A first shift in perception, the growing realisation that NFC is not the holy grail, reached a tipping point a few months ago. This opened the possibility to explore other ways of using a mobile phone to transact. Square and PayPal both announced a simple check-in function based on geolocation, and the iPhone 5 was announced this week, sans NFC, confirming everyone's suspicion that we need to look elsewhere for solutions.



A second shift, Square's coup with Starbucks, has brought a fresh focus on retailer driven solutions. Square will be processing all of Starbucks' credit and debit card transactions, and will modify its consumer app to fit Starbucks' existing mobile payment method. Suddenly, this news acts as a catalyst to get the industry to adopt a wider view of mobile payments. A cure to tunnel vision if you like.

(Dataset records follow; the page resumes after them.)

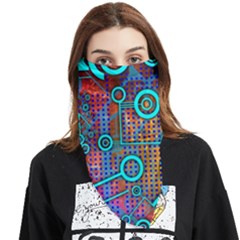 Abstract Tech Galaxy Design Face Covering Bandana (triangle) by ExtraAwesomeSauce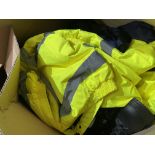 12 X MIXED PIECE PORTWEST, TO INCLUDE RIGGER BOOTS, SIZE 11 BLACK BOOTS, HI-VIS ZIP JACKET ETC (LOC: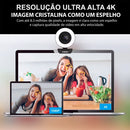 Webcam Dorn Pro Led 360 4k 12mp Luz Led E Microfone Duplo
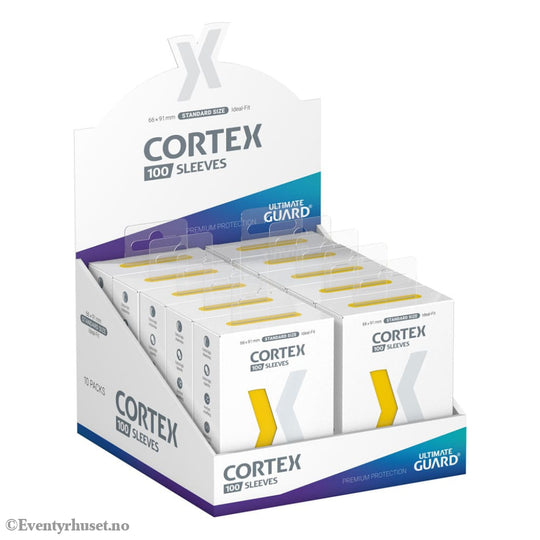 Ultimate Guard Cortex Sleeves Standard Size (100) - Yellow Storage & Protection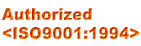 Authorized
<ISO9001:1994>

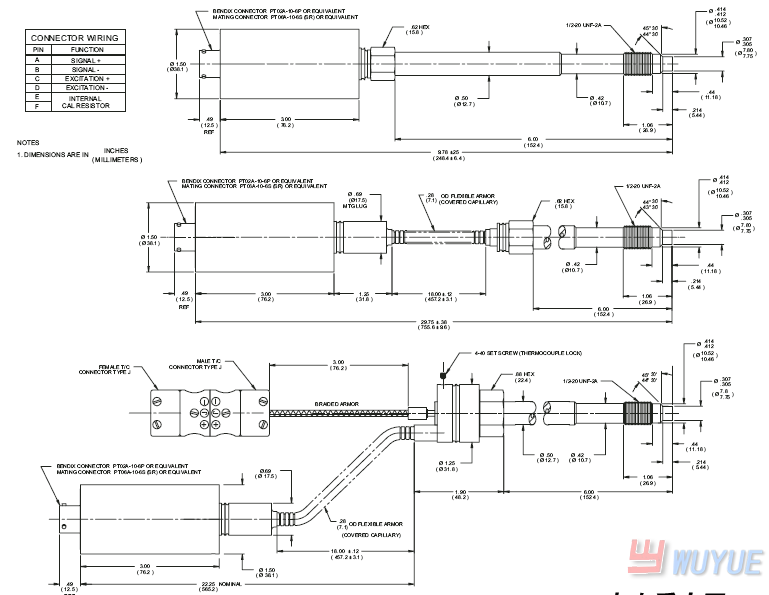 PT410高溫熔體壓力傳感器(high temperature melt pressure sensor)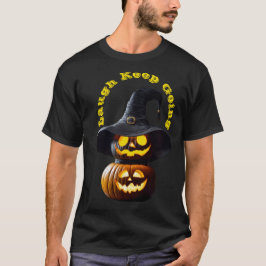 Camiseta Spooky Mau Bender com Witch Hat e Pumpkin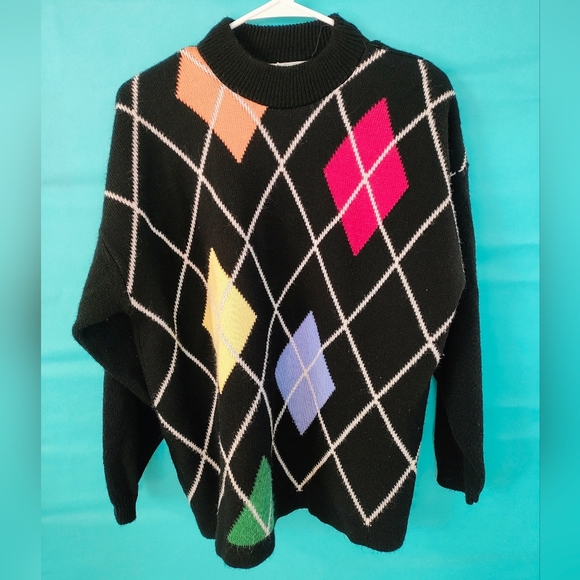 Norton McNaughton Sweaters - Norton McNaughton Argyle Sweater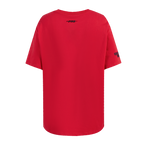 NBA CHICAGO BULLS SHEER INFLUENCE WOMEN'S BOYFRIEND TEE (RED)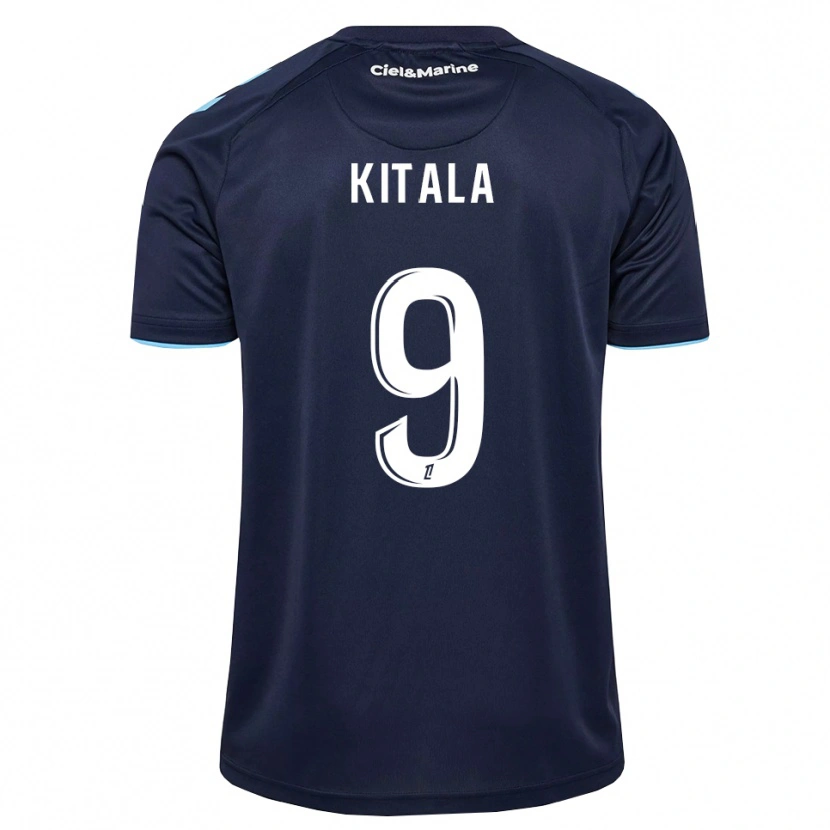 Danxen Criança Camisola Yann Kitala #9 Azul Centáurea Azul Meia-Noite Principal 2026/27 Camisa
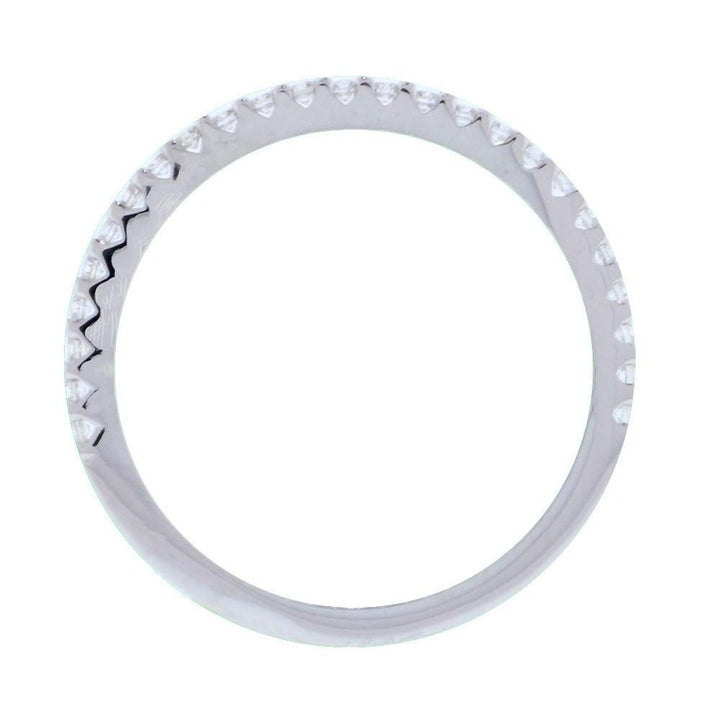 Thin Diamond Wedding Band, 0.25CT Total in 14k White Gold
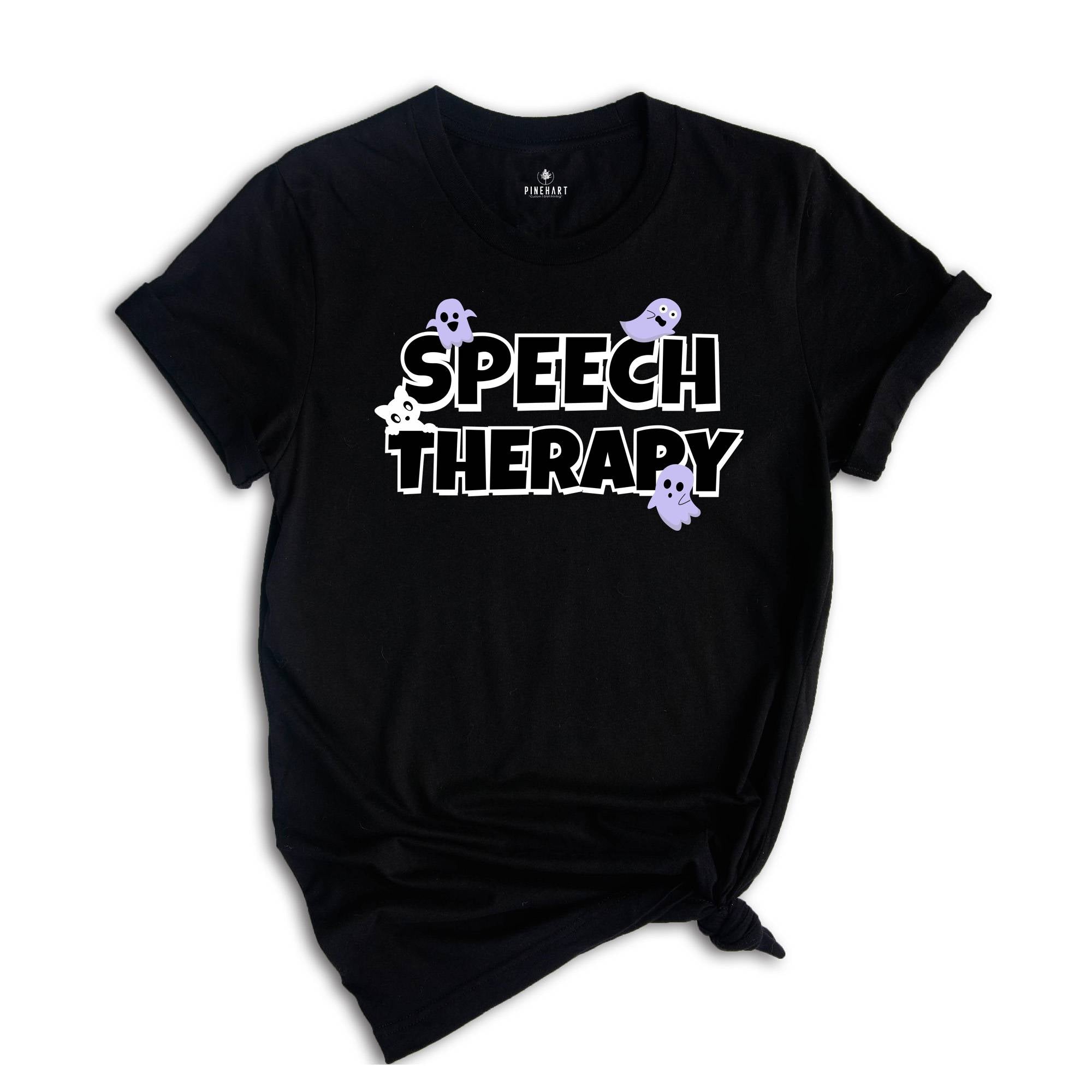 Speech Therapy Halloween Shirt, Slp Halloween Shirt, SLP Ghost Shirt, Spooky Slp Fall Tee, Speech Language Therapy Halloween Shirt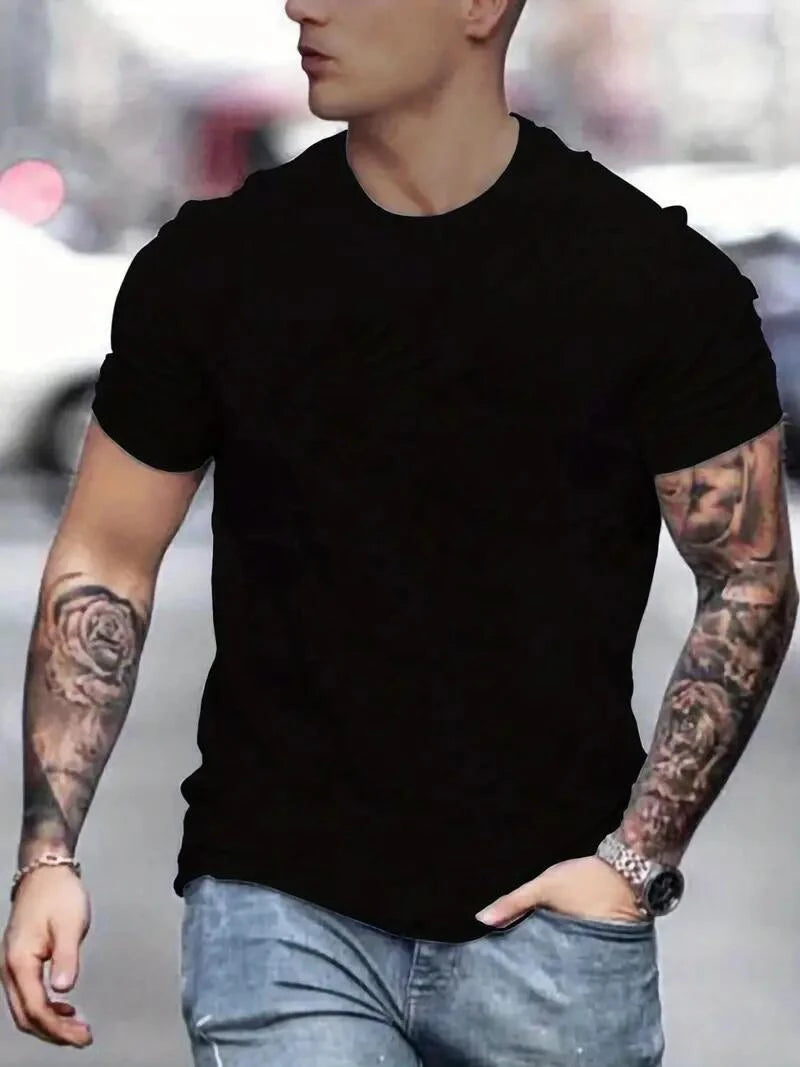 Jesus Print T Shirt,Tees For Men,Casual Short Sleeve T-shirt For Summer Casual for All-Season Comfort & Easy Care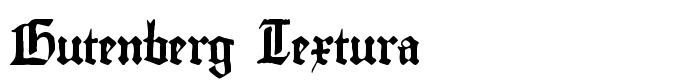 предпросмотр шрифта Gutenberg Textura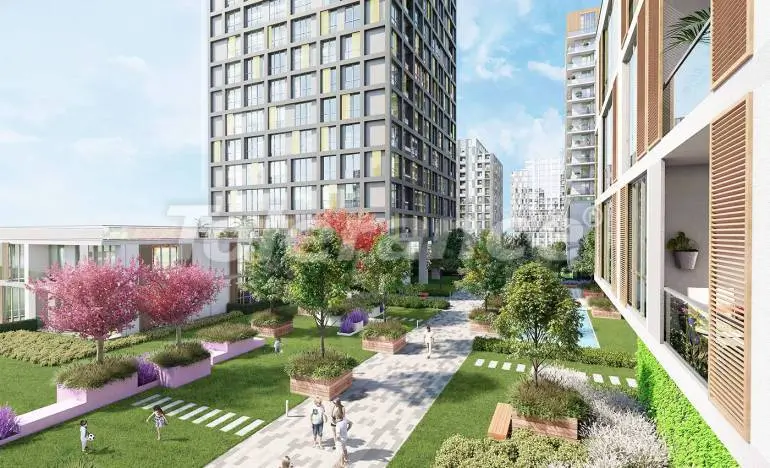 Apartment from the developer in Bahçeşehir, İstanbul with pool - 25864 Apartment from the developer in Bahçeşehir, İstanbul with pool - buy realty in Turkey - 25864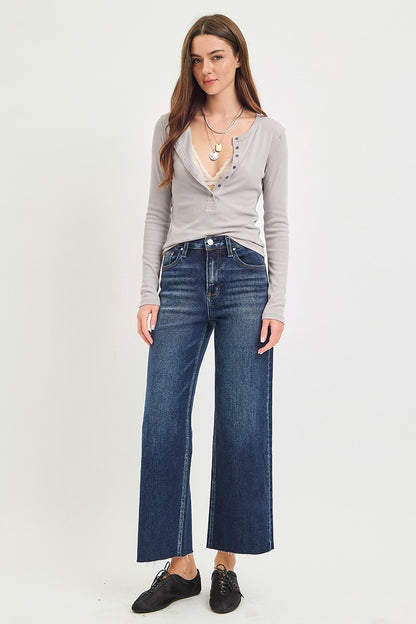 The Lisa High Rise Cropped Wide Leg Jeanh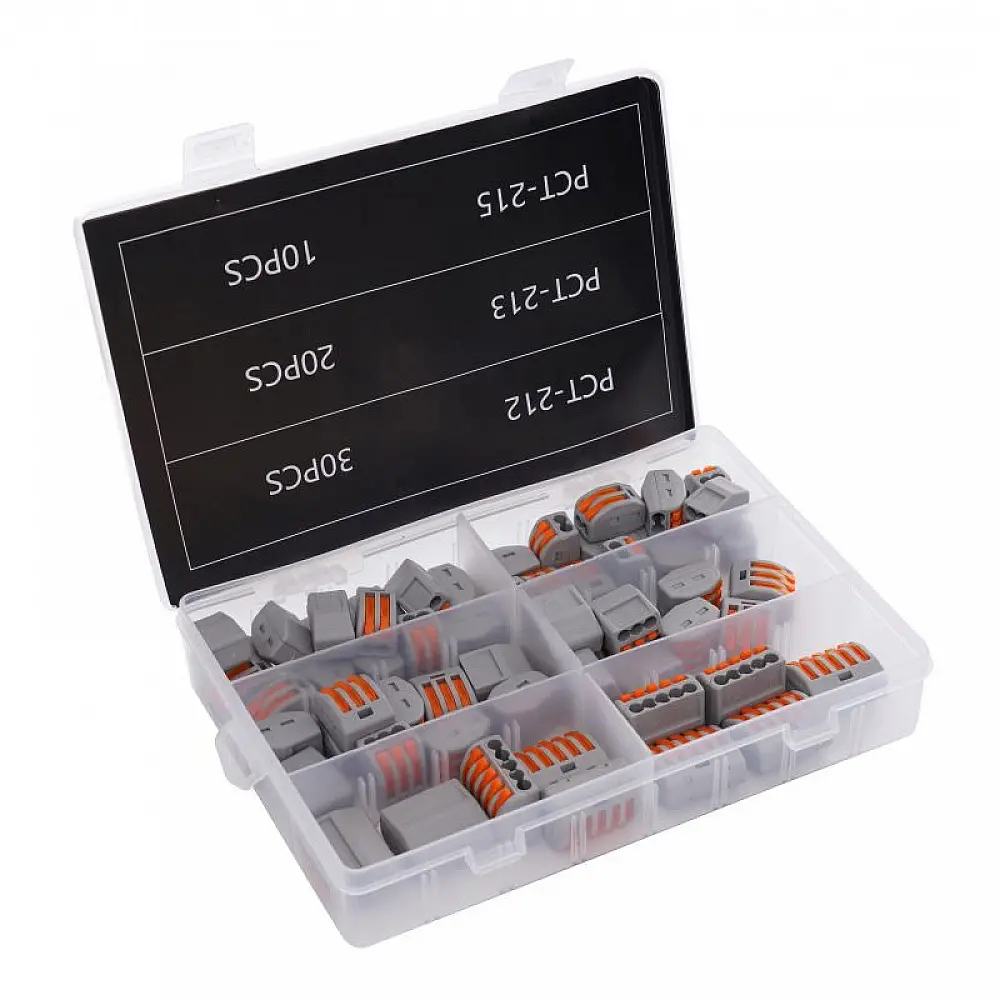 Σετ Κλέμμες Καλωδίων με Κλιπς 60 τμχ Kraft&Dele KD-10496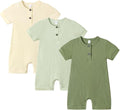 Bafeicao Baby Boy Girl 2/3 Pack Solid Romper Ribbed Short/Long Sleeve | by Bafeicao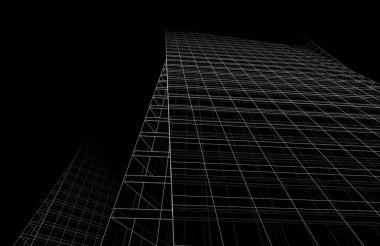 Soyut modern mimari, 3D görüntüleme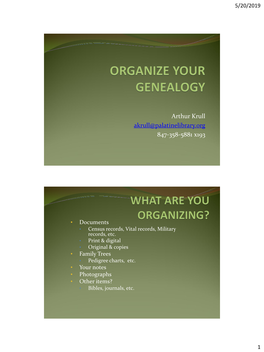 Organize Your Genealogy: Your-Genealogy-Books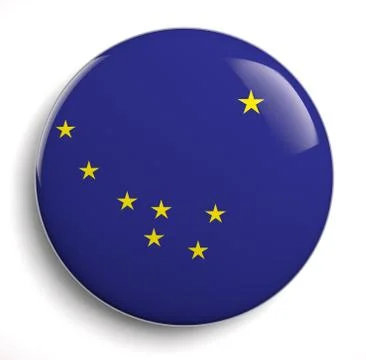 Alaska flag Stock Illustration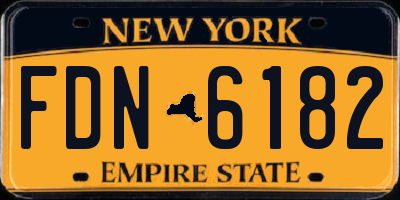 NY license plate FDN6182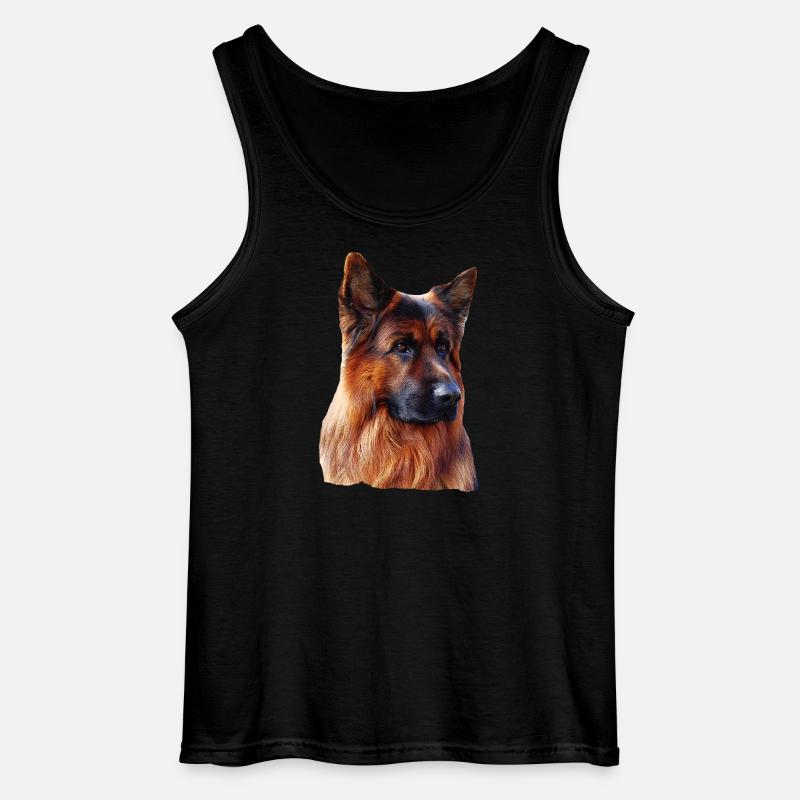 Altdeutscher Schäferhund Deutscher Schäferhund - Gildan Männer Tank Top - Schwarz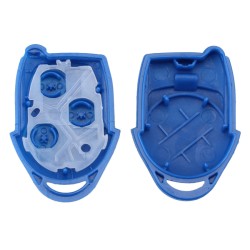 Ford Chiave Guscio 3 Pulsanti Blu - 5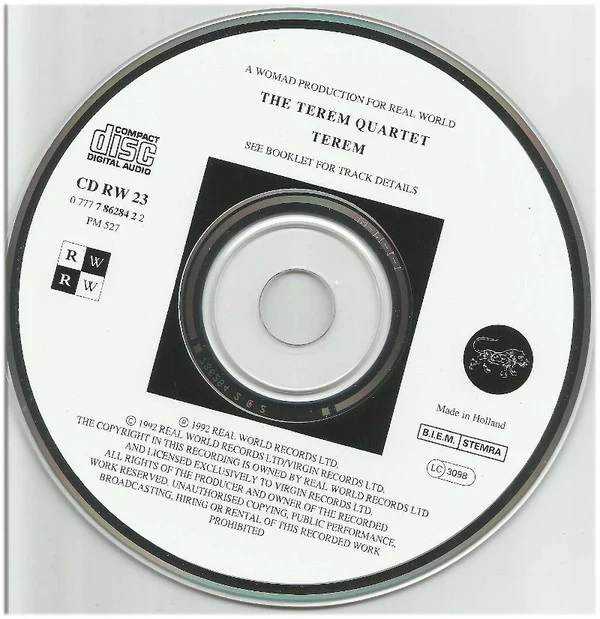 The Terem Quartet* - Terem (CD, Album, RE) - Image 3
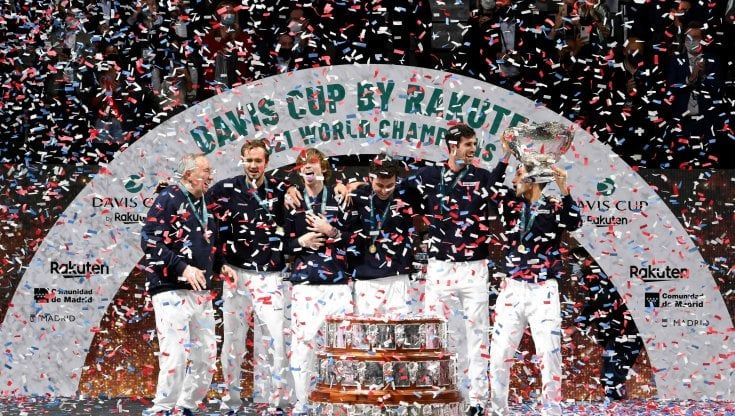 Tennis, Coppa Davis alla Russia: Rublev e Medvedev stendono la Croazia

Wikipedia defines tunnel vision as the loss of peripheral vision with retention of central vision, resulting in a constricted circular tunnel-like field of vision. This is exactly where we have been the last few years, waiting for carriers, phone manufacturers, banks, payment networks and merchants to all massively adopt NFC. Now we can step back and see the peripheral better.

Starbucks is the most successful mobile payment program in North America and most likely the rest of the developed world. All of the talk about Asians massively using their mobile phones to pay every day is a myth. There are things happening and some people using mobile, but it is minimal.


The Starbucks card now represents 25% of sales, with most of this happening through traditional plastic cards. Customers become card members to enjoy rewards, then some migrate to mobile payments for greater convenience. That is the direction of the customer acquisition flow. The rewards program drives mobile payments, so focusing on the overall program is the key. It doesn't happen in the other direction.

The focus on Starbucks is opening the peripheral vision a bit wider. Google has lots of graphics showing how its NFC phones can merge payments, coupons and loyalty cards all in one simple transaction. This requires such a deep integration into existing POS systems that the claims have always seemed farcical to me. 

Starbucks has already shown that there are simple, low cost ways to achieve the same thing. Starbucks shows that the focus should be on the retailer's entire rewards program, with mobile payments as a feature available to those customers that prefer using their mobile phone to pay. A holistic approach that takes in a much larger group of customers.

3 comments:

thad said...

Too true Aneace. The mobile world is about to have an explosion of creativity and we get to play!

James Christensen said...

Aneace, a great view, I think your experience in the early chip days is showing through! The largest company in the world passing on NFC at this critical time should cure the tunnel vision.
Existing low cost technology should allow value add, customer retention and acquistion programs to drive mobile payments. This will be done at the retailer level and if a majority of retailers had Starbucks success mobile payments will be huge.

Bob Skattum said...

Aneace,

Great observation. For too long, many in the payments world have been waiting for AAPL to "bless" NFC as the "new way" ... and for ISIS to solve the problem that every one of the players "behind the curtain" wants to get a basis point, or two, or one hundred for building out the infrastructure. Yet, consumers have not indicated that they want the ability to hold their smartphone up to a terminal to pay ... they will use whatever vehicle the retailer provides if it allows them to improve their buying experience and to generate rewards. Rather than re-train the consumer, we need to be driving the choice, as always, at the merchant level.